Segundo Kousky, o vídeo que mais gerou rendimentos para ele foi um com o nome de Nerf War: Tank Battle, postado em fevereiro de 2018. Na época do lançamento ele fez o mesmo sucesso de todos os outros do YouTuber, mas acabou viralizando seis meses depois e somando mais de 150 milhões de visualizações, o que garantiu para o YouTuber um retorno de US$ 97 mil em AdSense (a receita gerada pela divulgação de anúncios durante o vídeo).

Esse valor é pago através de algo que o YouTube chama de CPM, que é o valor que a plataforma desembolsa para o dono do canal por cada 1000 visualizações que o vídeo teve - quantia paga, claro, apenas se o vídeo foi monetizado, ou seja, divulgada propagandas durante a reprodução. Segundo Kousky, algumas pessoas acham que ele ganhou muito pela quantidade de visualizações no vídeos, outras que ele ganhou pouco, mas o YouTuber afirma que o CPM para este vídeo em específico se manteve o mesmo, então não dá pra ele dizer se foi muito ou não.

Isso porque o valor de CPM pode variar de canal para canal, pois leva em conta qual é o assunto do vídeo (já que alguns assuntos chamam mais a atenção de anunciantes do que outros, e por isso pagam mais) e também qual é o tipo de público que aquele vídeo atrai (já que algumas demografias são mais interessantes para anunciantes do que outras). Assim, não é possível dizer com exatidão que o YouTube paga “tanto” a cada mil visualizações, pois esse valor pode variar bastante de canal para canal.

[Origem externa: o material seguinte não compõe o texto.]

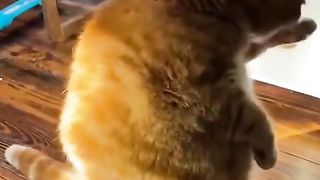 Funny | Cat Capers: The Hilarious World of Garfield | FunFM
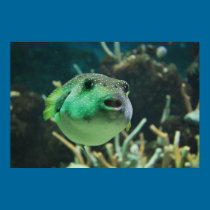 Puffer Fish posters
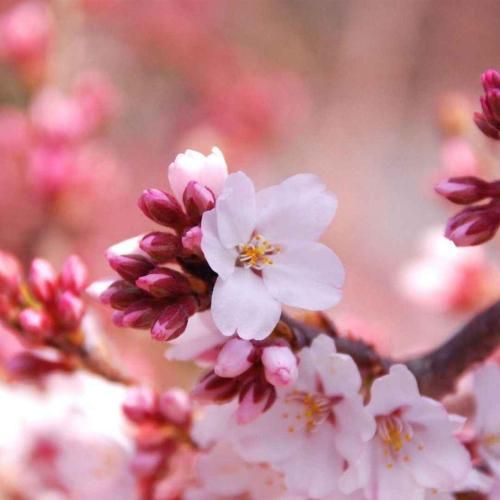 دانلود آهنگ خوش خنده بود یه رو این برج زهرمار ندید ما رو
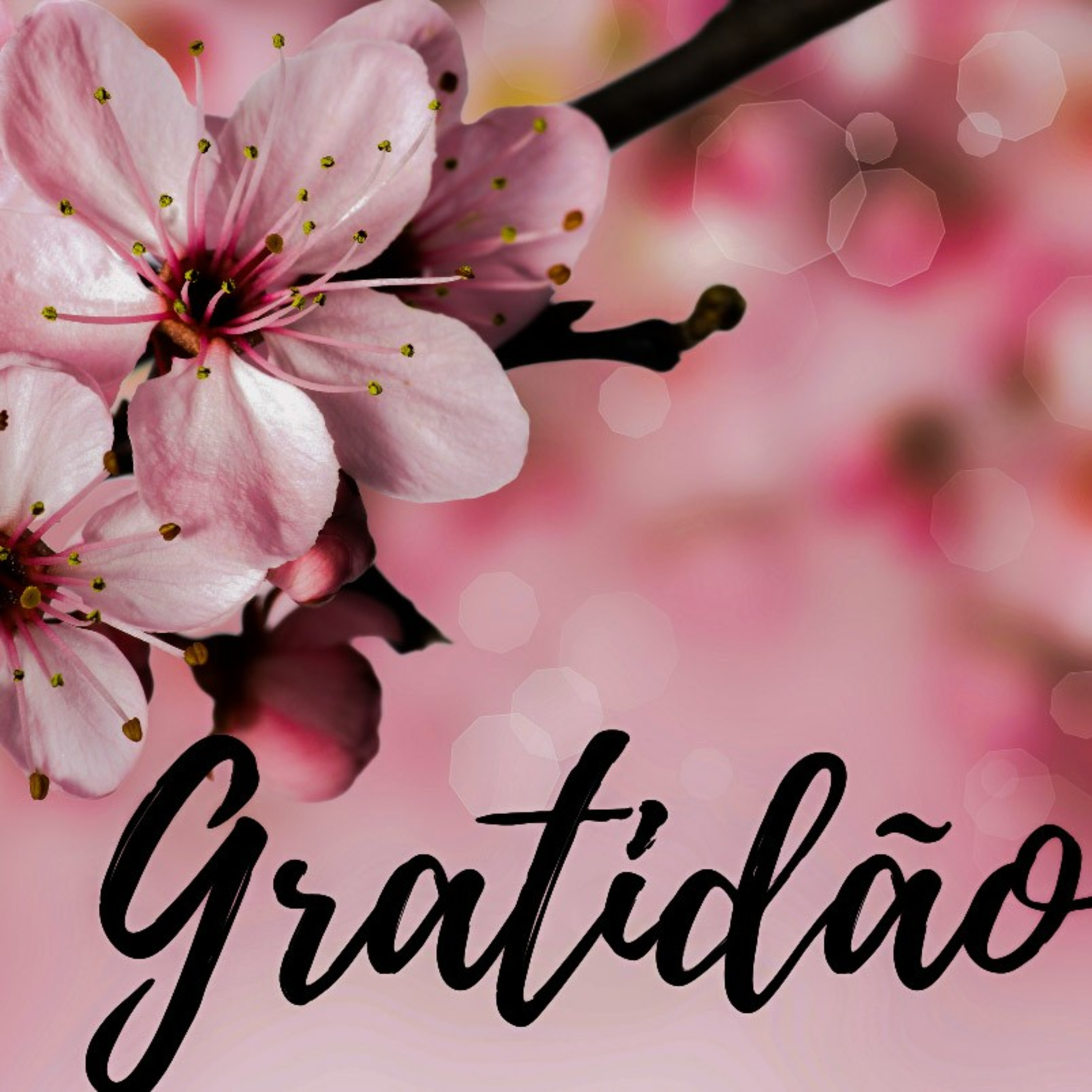 Gratidão episode artwork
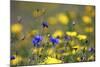 Corn Marigold in Bloom with Cornflowers-null-Mounted Photographic Print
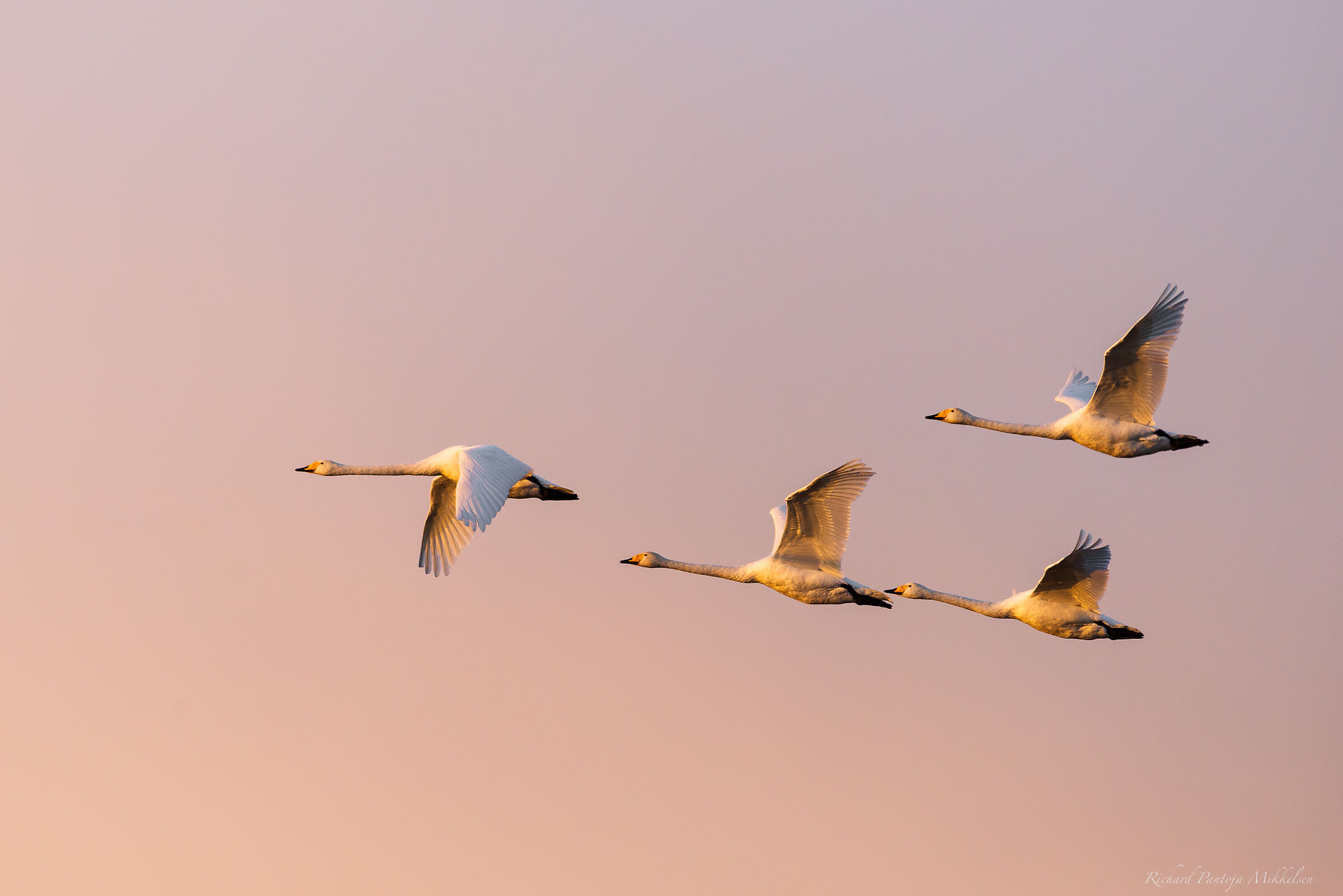 Whooper swans in the morning light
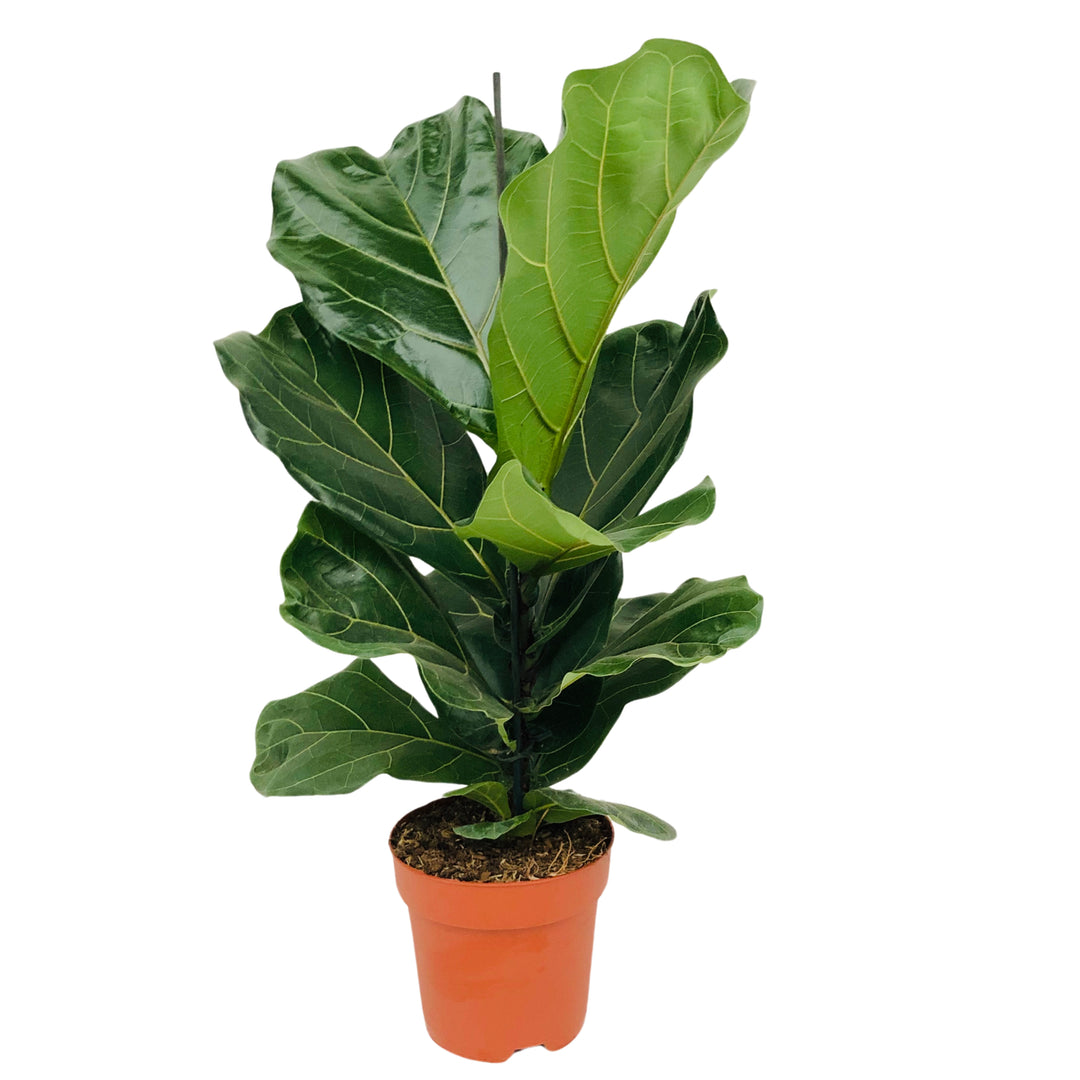 Ficus lyrata altezza pianta 70 cm diametro vaso 17 cm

Isso pode ser notado ao se analisar dois vídeos diferentes com o mesmo número de visualizações: enquanto o YouTuber Austen Alexander recebeu um valor de US$ 6 mil em AdSense por um vídeo com um milhões de visualizações, um vídeo de outro YouTuber, Kevin David, com o mesmo número de visualizações gera uma receita de US$ 40 mil. A diferença entre o CPM de cada um deles se deve principalmente ao conteúdo de seus canais: enquanto o de Alexander é basicamente um diário sobre a rotina dele como um membro da Marinha dos Estados Unidos, o canal de David é baseado em tutoriais de como vender e comprar produtos em lojas online. Como o conteúdo do segundo já é voltado para pessoas que já tem o interesse em comprar pela internet, mais anunciantes têm interesse em aparecer nos vídeos dele e, por isso, o CPM do YouTuber é maior.

Por isso, muitos YouTubers estudam como maximizar esses ganhos, tentando encontrar o tamanho de vídeo ideal e a quantidade máxima de anúncios que conseguem colocar em um único vídeo. É necessário achar o meio termo entre um número de publicidade que permita aumentar seus ganhos, mas também balancear esse fator, a ponto de não tornar a peça tão lotada de propagandas para quem está assistindo. Afinal, isso, muito provavelmente, fará com que as pessoas escolham abandonar o vídeo antes do fim.

Outra forma de conseguir uma grana extra é a venda direta de produtos e merchandising do canal, algo que é praticado por muitos YouTubers. Um dos casos é de Tana Mongeau, que após ser presa em 2017 no festival de música Coachella por posse de um drink alcoólico, vendeu cerca de US$ 40 mil em camisetas com o seu mugshot - a foto tirada pela polícia para fichá-la criminalmente.